Pursuant to a Railcar Management Agreement, dated January 29, 2015, between Longtrain and ARL (the “
Longtrain RMA
”), ARL, as manager, has marketed Longtrain Railcars for lease, and has also arranged for the operation, storage, re-lease, sublease, service, repair, overhaul, replacement and maintenance of the Longtrain Railcars. In addition, a subsidiary of ARL serves as administrator of the accounts used to service the debt under the Longtrain Indenture (as defined below). As previously disclosed, the Transition Agreement, among other things, requires ARI to use commercially reasonable efforts to obtain the consent of noteholders (the “
Noteholder Consent
”) for ARI to replace ARL as manager of the Longtrain Railcars under that certain Indenture, dated January 29, 2015, between Longtrain and U.S. Bank National Association, as indenture trustee, pursuant to which Longtrain has issued certain notes (the “
Longtrain Indenture
”), and certain related documents. ARI has no obligation to pay any consent or similar fees in connection with obtaining the Noteholder Consent.
As provided in the Transition Agreement, following the ARL Closing the Longtrain RMA will continue in effect, with ARL remaining as manager of the Longtrain Railcars under the Longtrain RMA and the Longtrain Indenture, unless and until ARI obtains the Noteholder Consent and becomes the manager of the Longtrain Railcars. Further, as contemplated by the Transition Agreement, effective as of the ARL Closing Date, ARI entered into a sub-contract arrangement with ARL (the “
Subcontractor Agreement
”) to provide services to ARL covering the day-to-day management of the Longtrain Railcars and the leases associated therewith. Under this arrangement, ARL and its subsidiary, as manager and administrator, respectively, will remain in control of the accounts used to service the debt under the Longtrain Indenture. During the term of the Subcontractor Agreement, management fees and expenses paid to ARL in respect of management duties subcontracted to ARI will be paid by ARL to ARI. The Subcontractor Agreement will continue until the earlier of the date on which ARI becomes the manager of the Longtrain Railcars following receipt of the Noteholder Consent, or the date that is thirty (30) months after the ARL Closing Date, unless terminated earlier pursuant to its terms.

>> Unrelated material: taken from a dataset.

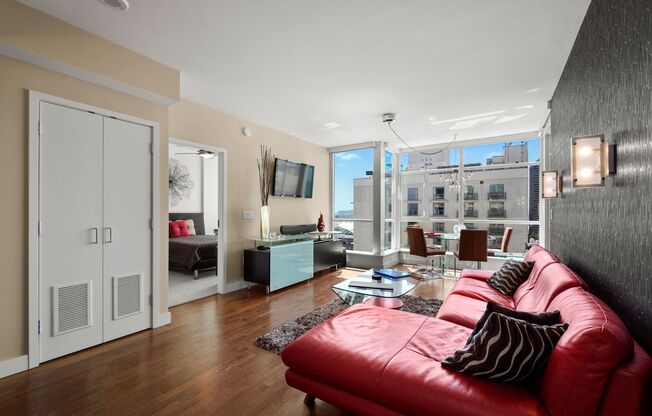 West Facing Downtown Condo for Rent!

The independent directors of the Company’s Audit Committee reviewed and unanimously approved the terms and conditions of, and the Company’s entry into, the Company’s agreements discussed above with entities controlled by Mr. Icahn.
The description above includes a summary of the terms of the RemainCo Consulting Agreements and Subcontractor Agreement. This description does not purport to be complete and is qualified in its entirety by reference to the text of the RemainCo Consulting Agreements and Subcontractor Agreement, copies of which are attached hereto as Exhibits 10.1, 10.2 and 10.3 and are incorporated herein by reference.